Jaws and the insular community

The difficulty Chief Brody faces in protecting the Amity community throughout the film is heightened and exacerbated by the outsider status he and his family possess. At 0:36 in the above clip, Brody’s wife Ellen is inquiring when she gets to become an islander, and is told “Never…you’re not born here, you’re not an islander”. The fact the isolation comes from their outsider status alone is emphasised because it would be assumed at first that Brody and family would hold a great deal of respect within the community–he is, after all, the Chief of Police. However, this comes secondary to his status as ‘not from here’, meaning he must deal with the insular attitude and regional focus of the town.

Brody’s status as an outsider is used by the mayor, the town council, and local businesses to explain away the need to implement his safety demands; it is framed as an outsider not understanding their ways, rather than the prioritisation by them of the need to make money over the safety of the islanders. Brody is positioned as a scapegoat, taking the blame for the second death. The sheer number of preventable deaths that result highlights the disadvantages that a community can face due to a determination to maintain a sense of insularity.

Katie Day

One thought on “Jaws and the insular community”
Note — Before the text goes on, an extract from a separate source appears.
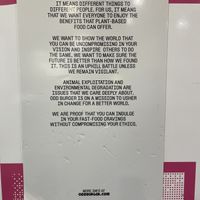 Ethical stance sign inside   at Odd Burger in Hamilton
  1. I have not seen the whole film, so perhaps am not in the best position to comment on it. However, I think that it is interesting that the threat that this community is facing comes from the sea. The sea is both part of the island community, because the sea is what makes it an island in the first place, but also not, as it is not part of the land itself. By being such an insular community and creating a dichotomy between “islanders” and “outsiders”, the community is also creating a liminal space, where unknown dangers can lurk. In some ways, this suggests that holding a more transnational perspective, which attempts to move beyond simple divisions between “native” and “foreign”, can be valuable.